Jack’s leadership is defined by two things: his enthusiasm for giving people what they want, and his ability to react in the moment. His choice to take up leadership in the first place comes from other people wanting him to take up leadership against his personal wishes, and people want him to take up leadership because they see him successfully navigate the crisis of a plane crash. These two things end up defining the choices he makes as leader; he’s largely reacting to one crisis after another, and his reactions are based on what would make these specific people in this specific community happy. People need water, so he goes and finds water. Locke wants to push the button, so he helps Locke push the button. Michael wants to find his son, so he helps Michael find his son. Another way of looking at it is that Jack uses the role of leadership to create community, and that means both his problems and solutions come from the people in that community. That sense of reacting creates its own problems and solutions too; Jack’s terrific ability to move in a crisis serves him extremely well when he’s dealing with an area in his expertise, but when he’s faced with a situation he doesn’t fully understand, he’ll pick one easy explanation and commit to it wholeheartedly.
Ben’s leadership is defined by expressions of power. He chose to become a leader because he was tired of feeling weak, and most of his decisions are based around seizing or flaunting power; much of what he does on a day-to-day level is about survival, but he only has to survive because he took on enemies as grand as he wants to be. Even the fact that he’s serving Jacob only flatters him with an extraordinary amount of power – the same way people can believe in an all-powerful God and that they are important because they have a direct line to him. Backing this up is his particular, peculiar kind of intelligence – he’s able to weave together all the disparate details around him into a coherent picture, and he can use that picture to determine the best next step to take.

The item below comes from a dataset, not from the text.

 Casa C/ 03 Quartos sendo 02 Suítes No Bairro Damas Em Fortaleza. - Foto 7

In his own way, he’s as reactive as Jack, but he’s reacting to the whole picture rather than with pure impulse. For him, it’s not so much a community as it is a system that he’s pushing about at will.
James rises to a position of leadership in season four in a manner not too dissimilar from Jack at the start of the show – he happens to be in the right place at the right time with the right kind of competence, confidence, and charisma. It’s there that the similarities end. Admittedly, he’s thrown into a situation that he has a better grasp of than Jack ever did, but he’s also operating from a different set of principles. There’s a point where he criticises Jack for simply reacting, and his leadership is based not on a vague and wish-washy idea of ‘fixing things’, but on a single, quantifiable goal: keep everybody alive and safe. He’s less distracted by the emotions of others – less willing to go along with something just because other people want it, less interested in telling people what they want to hear – and so he has a real knack for solving problems both in the moment and long-term. It’s a visionary leadership, where he has one goal centering him on both micro and macro levels; part of the fun of seasons four and five is watching him essentially juggling a todo list, and he puts his people in positions where they can be the most effective.

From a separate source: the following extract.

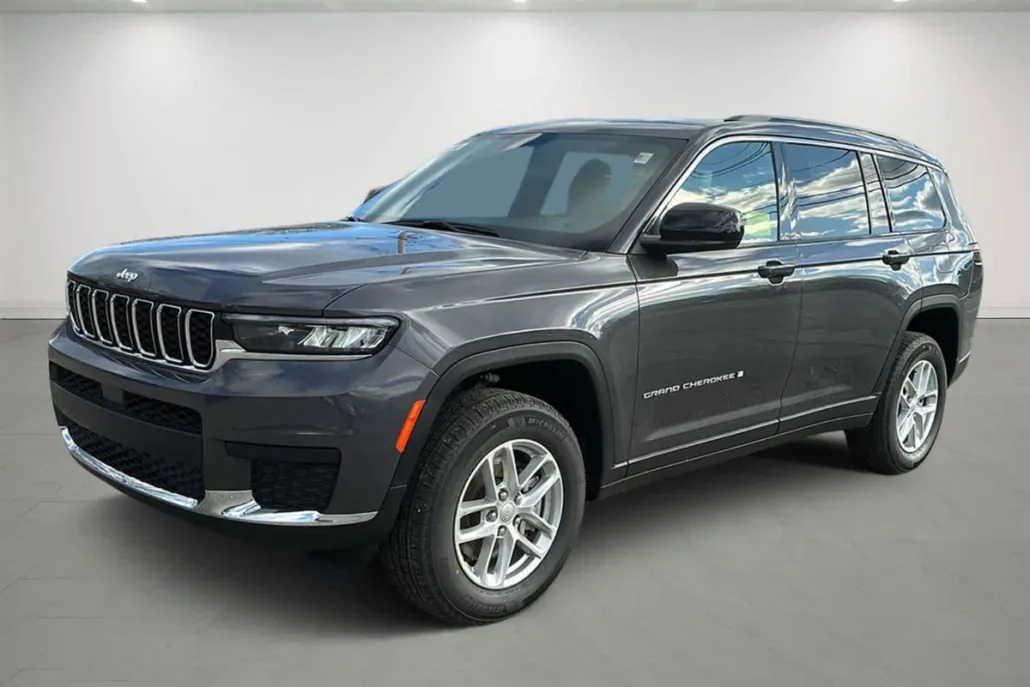 2025 Jeep Grand Cherokee Laredo X photo 1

Jacob and The Man In Black
If you look at LOST as a mystery, then part of the journey is discovering that Jacob and The Man In Black have been acting out two schemes for longer than the run of the show in season five’s finale. If you look at LOST as an exploration of the nature of leadership, then Jacob and The Man In Black are the apotheosis. James’s goal was clear but nonspecific, which gave him some flexibility in its expression and allowed him to sustain it a long time. The Man In Black has one specific action he’s trying to do (get off the island) while Jacob has a specific action he’s trying to prevent (destruction of the heart of the island). Every action both men are doing is about getting to their particular action (or I suppose maintaining a particular action, in Jacob’s case). They ruthlessly use the people and elements of their systems to advance their specific agendas, using every moment to set something in motion that they think might help later. John Locke never quite manages to achieve a leadership role; the one chance he gets in season three implodes almost immediately, because he’s simply that unstable and directionless. But I like to think that The Man In Black in seasons five and six really does show us what kind of leader John could have been if he’d achieved inner peace.

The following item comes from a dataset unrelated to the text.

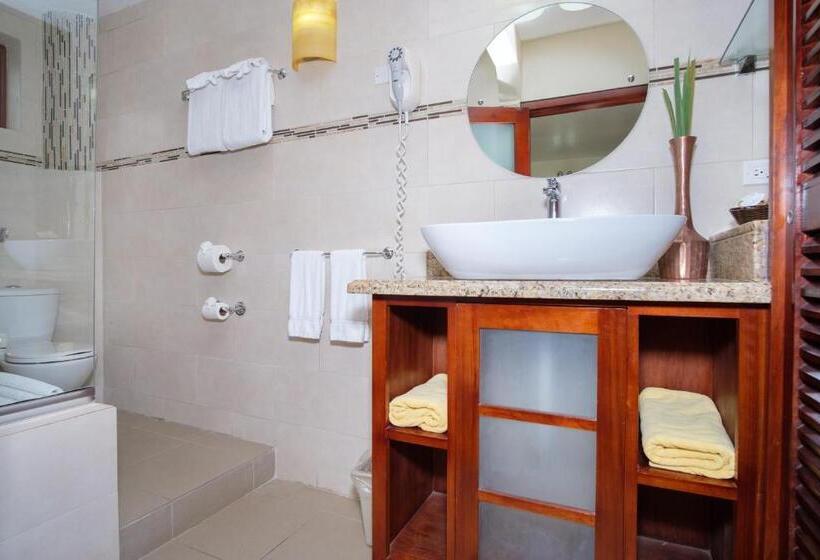 سوییت جونیور با چشم‌انداز دریا, Hibiscus Lodge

Hurley receiving the mantle of leader is one of the last actions of the show, so we never actually see what kind of leader he is, but we can make a pretty good guess based on what we see in the show, and I think Ben assesses him correctly. Hurley will use the system he has as an expression of the infinite capacity to love within him. Jack made people happy, but Hurley will generate happiness within himself and use the island and the system of it to project that happiness out into the world, just like he did when he built a golf course and got the van working and made everybody lunch. He also has the self-awareness and lack of ego to bring in someone he trusts to compensate for his weaknesses and guide him through tougher decisions.